I turned a piece of steel plate to about 6" diameter, and welded three pieces of rectangular tubing and a piece of 2" diameter stock to the underside. I then bored a 1" hole in the base plate and the 2" stock, drilled the holes to hold the tripod legs, and primed and painted it. I went to my favorite sawmill and got some more Red Oak. (I previously made a tripod for my 6" Brashear, and knew the lumber was from the same batch.) I cut it to length, using the 4" Clark tripod as a height gauge, and routed a corner on all the pieces. I made a jig to hold the lumber at the right angle, and made a test cut on two scrap pieces. They fit just like I wanted, so I cut the 6 legs. My wife assisted me by doing the staining, and applying the polyurethane. We sanded between coats and they turned out beautiful. I cut the two side arms from 1/2" thick brass plate. I drilled and countersunk the proper holes for #10-32 hex head capscrews. The base plate is also 1/2" thick brass, so I then drilled and threaded holes to match the bolts on the arms. 

I turned a piece of steel to about 4" O.D. x 1/2" thick top with a 1" bolt on the bottom. (It looks rather like a large flat head bolt.) I threaded the end for 1" threads and obtained a 1" locknut. I made nylon washers for the various mating surfaces. 

I put it all together and it works like a charm and looks very nice. It took a little longer than I expected to make it, but I wanted it to look and work like it should. 

To tighten the altitude, I put a nylon washer between one of the brass knobs and the tube ring. This keeps the tube from swinging, but you can adjust it to allow smooth movement. For the azimuth, I put a brass 1/4" bolt with a knob through the 2" stock under the base. This allows the friction to be easily controlled.

I wrote a set of instructions and maintenance manual for the new owner.

Turning brass tube to 4" ID x 5" OD

Boring 2" stock and base plate for 1" shaft

Jig to cut taper on tripod legs - it had to be long 
or the end of the leg would hit the table guide.

Making second knurled knob

Underside of tripod base

Threading 1" piece

Test fit for the 1" locknut

Milling slots in side of tube ring

Cutting tube ring in half

Center drilling for holes in arms

Boring holes in arms

boring hole in base plate for 1" shaft

Finished mount on tripod with piece of 4" Cedar (from tree on my property)

Underside of finished mount showing azimuth lock

tripod leg showing taper cut on legs

Complete alt-az mount

Problems I ran into making this mount:

I broke a 10-32 tap while I was tapping the hole in the brass tube ring.
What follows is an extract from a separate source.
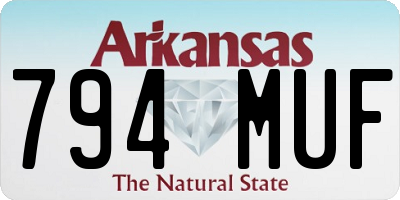 AR license plate 794MUF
I have tap extractors, but they would not loosen the broken piece. I looked around on the Internet and found a solution - heat water until it is just boiling, and add alum. This is a powder you can find in the spice department at almost any grocery store; it is used for making dill pickles, I think. Keep adding alum until it seems it won't dissolve any more. The piece I had to immerse was 4" long and 5" diameter. You must use aluminum, glass, or a ceramic container. I used a crock pot, and I used about 9 or 10 of the small containers. My piece cooked for almost 24 hours, but I found out toward the end that if you keep it stirred it goes faster. What happens: the alum actually eats the carbon. It did make the brass a little dingy, but the deposit comes right off.

Another problem was locating material. No single supplier had all the brass I needed - most do not carry 1/2" thick brass to begin with. I ended up getting material from 3 different places - 5, counting the Oak and the Stainless Steel hardware.